My father played trumpet as a boy, until his trumpet was stolen, and my mother played violin all through school. She developed a high shoulder and gave up some time after high school. My sister played folk songs on guitar, which I loved, so naturally I took the first opportunity presented to play also. I started in second grade with a four string Martin flat top. After a year or so, when my hands were bigger, I switched to a nylon six string. My mother made sure I took lessons at school during the school year, and didn't bother me during the summer break.

My parents listened to Jazz (Miles, Coltrane, Ellington etc), Classical, Broadway Shows, Bob Dylan, Pete Seger, Joan Baez, Woody Guthery. They also listened to Lambert, Hendricks, and Ross the famous vocal trio that wrote lyrics to big band arrangements and solos so they would have some words to sing while performing the original solos from recordings. LH&R did a tune called Jackie about a mouse that was hip.

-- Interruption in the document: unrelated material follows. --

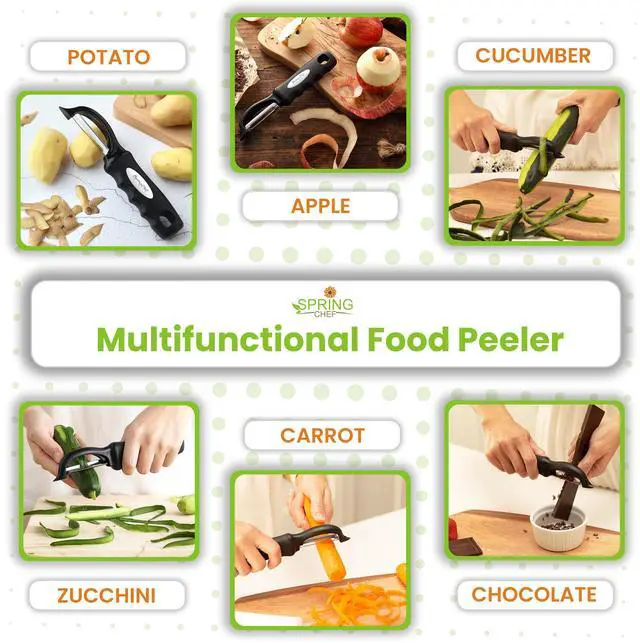 Alt view image 7 of 7 - Stainless Steel Premium Vegetable Peeler with Potato Masher, Soft Grip Handle Metal Food Peeler and Masher for Fruit & Vegetables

My sister Jackie loved it and it became a household joke. My parents and Lambert, Hendricks, and Ross started it for me. I just didn't know it was Jazz yet.

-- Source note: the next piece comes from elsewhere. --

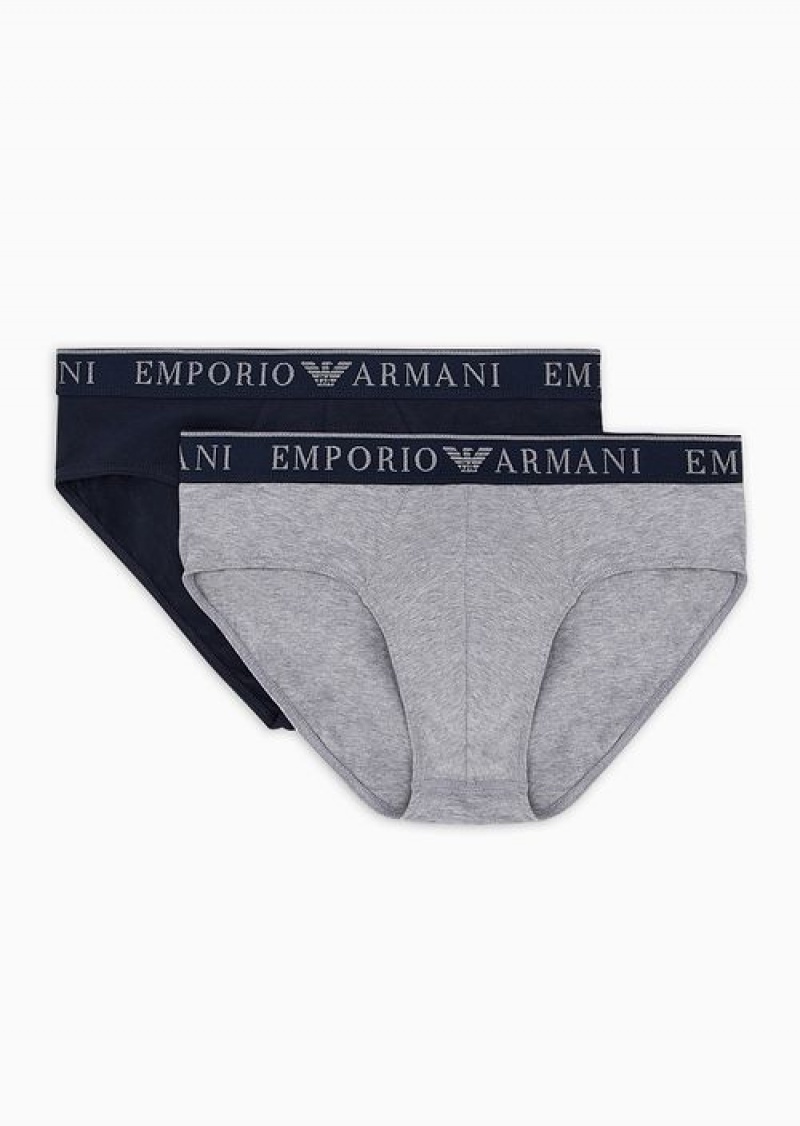 Grey Emporio Armani Two-pack Of Endurance Logo Briefs | EA-SN58816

I went to a small private school in Menlo Park California, Penninsula School. There were 15 to 21 students per class. It was started by Quakers and the theory of teaching was very free and independent; therefore it was run by Beatniks and there was a lot of American Folk Music.

The school also had a program to introduce students to music lessons and instruments in general. Two weeks on Violin, two weeks on Clarinet, and two weeks on Trumpet. I already played guitar, so I went through the intro program and went back to guitar. My brother picked Clarinet.

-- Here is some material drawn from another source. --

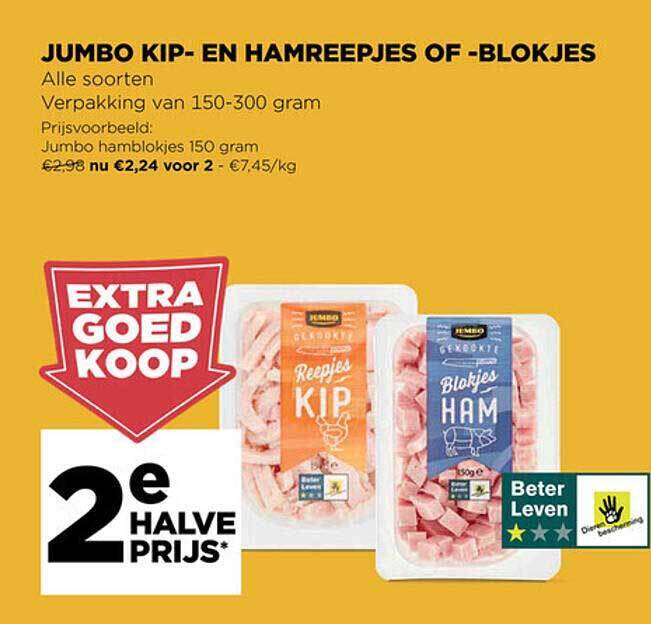 Jumbo kip en hamreepjes of blokjes promotie bij Jumbo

So there we were, a musical family of sorts. My brother practiced his and I mine. It didn't last long, like most young kids I lost interest at some point and was ready to quit. My mother insisted since I started it, I was now to stick with the lessons during the school year and take the summers off from practice and lessons until I was in High School. The lessons with the school teacher were small group lessons at first. We learned to read on the first few strings in open position, and simple open chords. The reading was real simple basic stuff, and chords were applied to folk song after folk song. I remember the magazine Sing Out and reprints from Sing Out. Sing Out was a main source of printed Folk Songs and still is to this day http://www.singout.org.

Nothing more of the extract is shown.